4.2 Setting up custom scoring...
 Custom RMSE scorer created


In [4]:
# 4.3 LEAVE-ONE-GROUP-OUT CROSS-VALIDATION
print("\n4.3 Performing Leave-One-Group-Out Cross-Validation...")

print("\n" + "="*80)
print("WHAT IS LOGO (LEAVE-ONE-GROUP-OUT)?")
print("="*80)
print(f"\nTotal folds: {len(np.unique(groups))} (one for each demand)")
print("="*80)

# Create model
model = RandomForestRegressor(
    n_estimators=50,       # 50 trees (faster than 100)
    max_depth=15,          # Max depth 15 (faster than 20)
    min_samples_split=5,
    min_samples_leaf=2,
    random_state=42,
    n_jobs=-1  # Use all CPU cores
)

# Create LOGO cross-validator
logo = LeaveOneGroupOut()
n_folds = logo.get_n_splits(X, y, groups)

print(f"\n Starting LOGO CV with {n_folds} folds...")
print("This may take 5-10 minutes (training 500 models)")

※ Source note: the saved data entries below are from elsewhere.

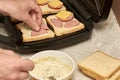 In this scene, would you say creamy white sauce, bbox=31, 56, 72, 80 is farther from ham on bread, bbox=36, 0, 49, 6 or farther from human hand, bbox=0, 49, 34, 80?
ham on bread, bbox=36, 0, 49, 6

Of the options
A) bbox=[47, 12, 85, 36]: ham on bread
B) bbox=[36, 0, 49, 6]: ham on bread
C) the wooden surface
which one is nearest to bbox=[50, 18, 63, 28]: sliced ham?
bbox=[47, 12, 85, 36]: ham on bread

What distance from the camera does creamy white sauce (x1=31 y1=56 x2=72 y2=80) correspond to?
2.90 ft

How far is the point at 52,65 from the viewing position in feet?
3.03

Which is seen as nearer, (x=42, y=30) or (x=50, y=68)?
(x=50, y=68)

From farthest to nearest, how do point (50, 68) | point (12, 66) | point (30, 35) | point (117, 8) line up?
point (117, 8), point (30, 35), point (50, 68), point (12, 66)

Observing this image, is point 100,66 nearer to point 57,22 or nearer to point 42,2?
point 57,22

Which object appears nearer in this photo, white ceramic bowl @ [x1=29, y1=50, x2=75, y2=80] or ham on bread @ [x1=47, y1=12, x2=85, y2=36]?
white ceramic bowl @ [x1=29, y1=50, x2=75, y2=80]

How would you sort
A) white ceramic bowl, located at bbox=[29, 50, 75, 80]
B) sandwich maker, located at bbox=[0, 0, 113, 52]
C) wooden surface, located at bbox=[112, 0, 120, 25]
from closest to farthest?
white ceramic bowl, located at bbox=[29, 50, 75, 80] < sandwich maker, located at bbox=[0, 0, 113, 52] < wooden surface, located at bbox=[112, 0, 120, 25]

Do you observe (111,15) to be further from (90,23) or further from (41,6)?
(41,6)

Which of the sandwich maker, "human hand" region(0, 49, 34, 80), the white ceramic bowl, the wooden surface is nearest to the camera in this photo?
"human hand" region(0, 49, 34, 80)

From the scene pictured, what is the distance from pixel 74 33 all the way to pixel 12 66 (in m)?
0.34

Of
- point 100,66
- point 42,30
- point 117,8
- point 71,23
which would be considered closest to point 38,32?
point 42,30

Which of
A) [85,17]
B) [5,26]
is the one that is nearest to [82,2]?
[85,17]

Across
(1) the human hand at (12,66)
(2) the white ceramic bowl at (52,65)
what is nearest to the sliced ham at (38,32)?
(2) the white ceramic bowl at (52,65) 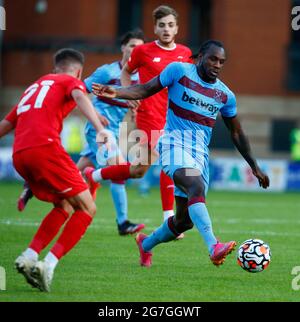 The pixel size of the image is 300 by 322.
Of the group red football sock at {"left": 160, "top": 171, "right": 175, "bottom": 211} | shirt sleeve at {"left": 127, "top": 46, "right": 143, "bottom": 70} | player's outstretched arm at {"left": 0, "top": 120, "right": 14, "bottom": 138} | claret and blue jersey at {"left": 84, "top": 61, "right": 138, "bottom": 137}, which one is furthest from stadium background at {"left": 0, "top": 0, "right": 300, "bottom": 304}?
shirt sleeve at {"left": 127, "top": 46, "right": 143, "bottom": 70}

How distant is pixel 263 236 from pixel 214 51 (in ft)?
13.3

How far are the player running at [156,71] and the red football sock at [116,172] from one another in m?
0.06

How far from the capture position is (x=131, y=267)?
896 centimetres

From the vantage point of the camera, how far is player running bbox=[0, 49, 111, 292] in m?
7.41

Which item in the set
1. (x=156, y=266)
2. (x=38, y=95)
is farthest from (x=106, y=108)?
(x=38, y=95)

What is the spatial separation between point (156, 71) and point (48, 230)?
3.51m

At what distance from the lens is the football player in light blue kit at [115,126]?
38.0ft

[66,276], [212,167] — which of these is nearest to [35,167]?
[66,276]

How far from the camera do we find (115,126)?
12.3 m

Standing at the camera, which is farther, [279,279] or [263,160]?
[263,160]

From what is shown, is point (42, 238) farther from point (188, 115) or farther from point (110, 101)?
point (110, 101)

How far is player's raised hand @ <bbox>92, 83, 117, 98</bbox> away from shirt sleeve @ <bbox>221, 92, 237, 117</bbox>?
109cm

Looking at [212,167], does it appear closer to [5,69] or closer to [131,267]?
[5,69]

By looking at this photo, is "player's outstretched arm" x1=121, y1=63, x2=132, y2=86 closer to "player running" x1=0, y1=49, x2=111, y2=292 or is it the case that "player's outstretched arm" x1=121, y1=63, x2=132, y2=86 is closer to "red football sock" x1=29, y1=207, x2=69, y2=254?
"player running" x1=0, y1=49, x2=111, y2=292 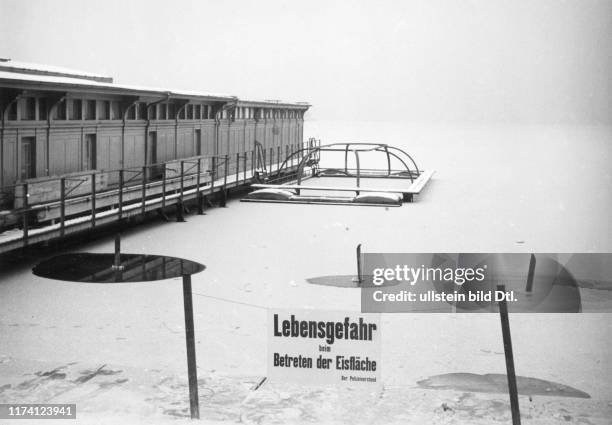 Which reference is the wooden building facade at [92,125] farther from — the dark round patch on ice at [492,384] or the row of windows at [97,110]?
the dark round patch on ice at [492,384]

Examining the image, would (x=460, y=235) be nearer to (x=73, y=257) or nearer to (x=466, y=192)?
(x=73, y=257)

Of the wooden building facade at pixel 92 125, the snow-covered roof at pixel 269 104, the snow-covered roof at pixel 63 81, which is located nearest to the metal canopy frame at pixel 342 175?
the snow-covered roof at pixel 269 104

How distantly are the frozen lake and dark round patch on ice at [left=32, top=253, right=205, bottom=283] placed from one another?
318mm

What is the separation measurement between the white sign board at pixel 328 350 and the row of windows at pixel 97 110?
28.5 feet

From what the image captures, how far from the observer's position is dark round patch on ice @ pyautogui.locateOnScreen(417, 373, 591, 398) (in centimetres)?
703

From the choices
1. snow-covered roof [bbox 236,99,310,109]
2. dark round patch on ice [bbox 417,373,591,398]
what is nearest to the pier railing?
dark round patch on ice [bbox 417,373,591,398]

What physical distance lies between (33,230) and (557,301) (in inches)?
284

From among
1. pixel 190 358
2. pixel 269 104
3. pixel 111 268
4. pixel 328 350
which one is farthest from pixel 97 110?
pixel 269 104

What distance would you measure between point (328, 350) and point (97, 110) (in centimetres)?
1173

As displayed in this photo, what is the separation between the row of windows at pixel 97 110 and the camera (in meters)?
13.5

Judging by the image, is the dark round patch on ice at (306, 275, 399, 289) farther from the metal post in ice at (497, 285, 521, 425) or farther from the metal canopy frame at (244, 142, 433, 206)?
the metal canopy frame at (244, 142, 433, 206)

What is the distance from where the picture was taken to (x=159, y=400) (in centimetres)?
634

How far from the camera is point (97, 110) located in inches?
645

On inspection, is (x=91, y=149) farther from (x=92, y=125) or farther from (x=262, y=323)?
(x=262, y=323) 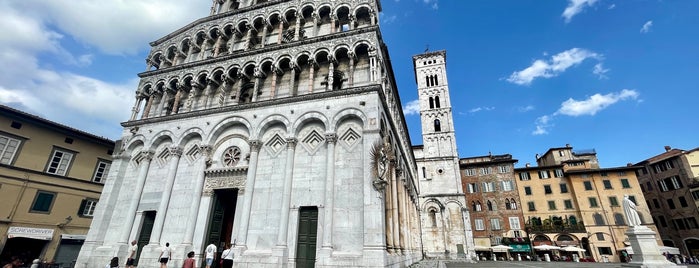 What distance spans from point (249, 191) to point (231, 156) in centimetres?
286

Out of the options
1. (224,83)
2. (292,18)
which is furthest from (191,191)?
(292,18)

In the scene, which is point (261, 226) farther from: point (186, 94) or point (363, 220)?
point (186, 94)

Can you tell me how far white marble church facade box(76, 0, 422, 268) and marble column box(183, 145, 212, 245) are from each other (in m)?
0.07

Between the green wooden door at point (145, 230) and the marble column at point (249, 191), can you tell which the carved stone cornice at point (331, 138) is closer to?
the marble column at point (249, 191)

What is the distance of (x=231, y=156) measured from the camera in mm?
16156

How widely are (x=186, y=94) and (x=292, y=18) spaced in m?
8.96

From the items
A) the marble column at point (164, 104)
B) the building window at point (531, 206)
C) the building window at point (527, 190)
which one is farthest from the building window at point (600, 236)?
the marble column at point (164, 104)

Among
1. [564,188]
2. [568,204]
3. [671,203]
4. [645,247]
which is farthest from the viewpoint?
[564,188]

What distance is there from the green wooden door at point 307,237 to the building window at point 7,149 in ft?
68.1

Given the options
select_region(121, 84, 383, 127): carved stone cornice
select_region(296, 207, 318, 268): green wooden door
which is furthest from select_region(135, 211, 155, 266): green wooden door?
select_region(296, 207, 318, 268): green wooden door

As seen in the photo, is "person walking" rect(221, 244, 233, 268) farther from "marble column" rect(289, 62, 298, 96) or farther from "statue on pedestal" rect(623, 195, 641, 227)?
"statue on pedestal" rect(623, 195, 641, 227)

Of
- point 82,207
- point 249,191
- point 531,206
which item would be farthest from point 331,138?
point 531,206

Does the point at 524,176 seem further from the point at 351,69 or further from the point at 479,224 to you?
the point at 351,69

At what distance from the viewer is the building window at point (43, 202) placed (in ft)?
65.4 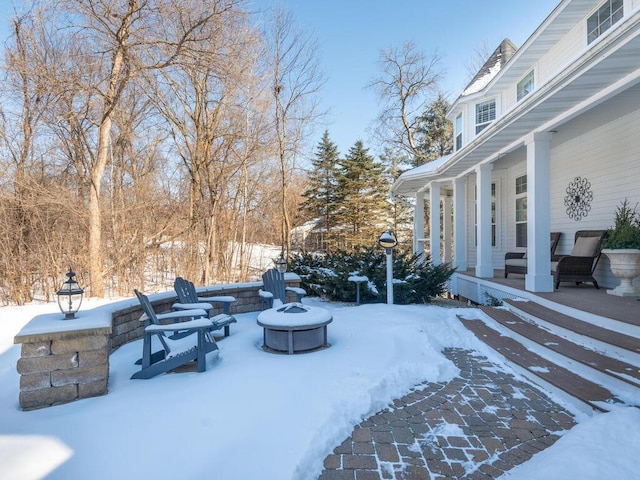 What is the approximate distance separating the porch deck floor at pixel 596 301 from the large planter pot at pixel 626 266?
178 millimetres

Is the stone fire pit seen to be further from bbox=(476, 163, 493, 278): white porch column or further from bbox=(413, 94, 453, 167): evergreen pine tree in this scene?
bbox=(413, 94, 453, 167): evergreen pine tree

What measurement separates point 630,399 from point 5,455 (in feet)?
12.7

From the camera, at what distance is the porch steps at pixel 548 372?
240cm

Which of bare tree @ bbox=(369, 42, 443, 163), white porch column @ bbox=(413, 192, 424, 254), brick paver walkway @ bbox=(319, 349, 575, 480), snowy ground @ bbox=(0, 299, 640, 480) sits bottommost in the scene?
brick paver walkway @ bbox=(319, 349, 575, 480)

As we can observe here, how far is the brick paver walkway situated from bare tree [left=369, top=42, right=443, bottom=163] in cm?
1702

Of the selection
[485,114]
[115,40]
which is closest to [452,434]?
[115,40]

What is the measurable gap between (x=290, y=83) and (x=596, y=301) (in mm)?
9882

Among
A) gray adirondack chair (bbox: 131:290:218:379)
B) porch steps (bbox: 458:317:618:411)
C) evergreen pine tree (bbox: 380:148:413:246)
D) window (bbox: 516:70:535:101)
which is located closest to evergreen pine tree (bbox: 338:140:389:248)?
evergreen pine tree (bbox: 380:148:413:246)

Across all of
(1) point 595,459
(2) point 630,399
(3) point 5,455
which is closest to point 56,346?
(3) point 5,455

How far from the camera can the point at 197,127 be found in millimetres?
8562

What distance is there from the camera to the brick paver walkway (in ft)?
5.93

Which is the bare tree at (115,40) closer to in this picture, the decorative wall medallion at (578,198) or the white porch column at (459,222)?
the white porch column at (459,222)

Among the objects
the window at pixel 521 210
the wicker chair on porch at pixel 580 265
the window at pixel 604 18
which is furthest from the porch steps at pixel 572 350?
the window at pixel 604 18

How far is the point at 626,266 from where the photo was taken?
4.56 metres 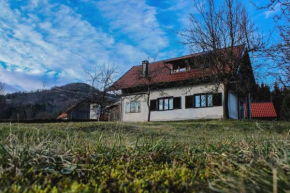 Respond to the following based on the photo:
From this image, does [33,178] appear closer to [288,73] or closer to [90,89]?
[288,73]

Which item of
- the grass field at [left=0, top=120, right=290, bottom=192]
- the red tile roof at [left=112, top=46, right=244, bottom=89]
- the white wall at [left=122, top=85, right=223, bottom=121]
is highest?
the red tile roof at [left=112, top=46, right=244, bottom=89]

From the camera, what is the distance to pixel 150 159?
6.05 ft

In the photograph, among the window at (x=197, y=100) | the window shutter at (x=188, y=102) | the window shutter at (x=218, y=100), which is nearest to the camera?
the window shutter at (x=218, y=100)

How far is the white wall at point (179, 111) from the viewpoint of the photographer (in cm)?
2223

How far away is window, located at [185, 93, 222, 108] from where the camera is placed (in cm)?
2203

# Perform cross-validation manually to show progress
start_time = time.time()
cv_scores = []

for fold_num, (train_idx, test_idx) in enumerate(logo.split(X, y, groups), 1):
    # Split data
    X_train_fold = X[train_idx]
    y_train_fold = y[train_idx]
    X_test_fold = X[test_idx]
    y_test_fold = y[test_idx]
    
    # Train model
    model.fit(X_train_fold, y_train_fold)
    
    # Predict
    y_pred_fold = model.predict(X_test_fold)
    
    # Calculate RMSE
    rmse = np.sqrt(mean_squared_error(y_test_fold, y_pred_fold))
    cv_scores.append(rmse)
    
    # Show progress every 50 folds
    if fold_num % 50 == 0 or fold_num == n_folds:
        elapsed = time.time() - start_time
        print(f"  Fold {fold_num}/{n_folds} complete... ({elapsed:.1f}s elapsed)")

elapsed_time = time.time() - start_time
cv_scores = np.array(cv_scores)

print(f"\n Cross-validation complete in {elapsed_time:.1f} seconds ({elapsed_time/60:.2f} minutes)")



4.3 Performing Leave-One-Group-Out Cross-Validation...

WHAT IS LOGO (LEAVE-ONE-GROUP-OUT)?

Total folds: 500 (one for each demand)

 Starting LOGO CV with 500 folds...
This may take 5-10 minutes (training 500 models)
  Fold 50/500 complete... (96.7s elapsed)
  Fold 100/500 complete... (193.4s elapsed)
  Fold 150/500 complete... (293.3s elapsed)
  Fold 200/500 complete... (404.1s elapsed)
  Fold 250/500 complete... (501.2s elapsed)
  Fold 300/500 complete... (598.0s elapsed)
  Fold 350/500 complete... (695.2s elapsed)
  Fold 400/500 complete... (791.9s elapsed)
  Fold 450/500 complete... (888.9s elapsed)
  Fold 500/500 complete... (989.7s elapsed)

 Cross-validation complete in 989.7 seconds (16.50 minutes)


In [7]:
# 4.4 ANALYZING RESULTS
print("\n4.4 Cross-Validation Results:")

print("\n" + "="*80)
print("CV STATISTICS")
print("="*80)

print(f"Number of folds: {len(cv_scores)}")
print(f"\nRMSE Statistics:")
print(f"  Mean RMSE: ${cv_scores.mean():.4f}")
print(f"  Std RMSE: ${cv_scores.std():.4f}")
print(f"  Min RMSE: ${cv_scores.min():.4f}")
print(f"  Max RMSE: ${cv_scores.max():.4f}")
print(f"  Median RMSE: ${np.median(cv_scores):.4f}")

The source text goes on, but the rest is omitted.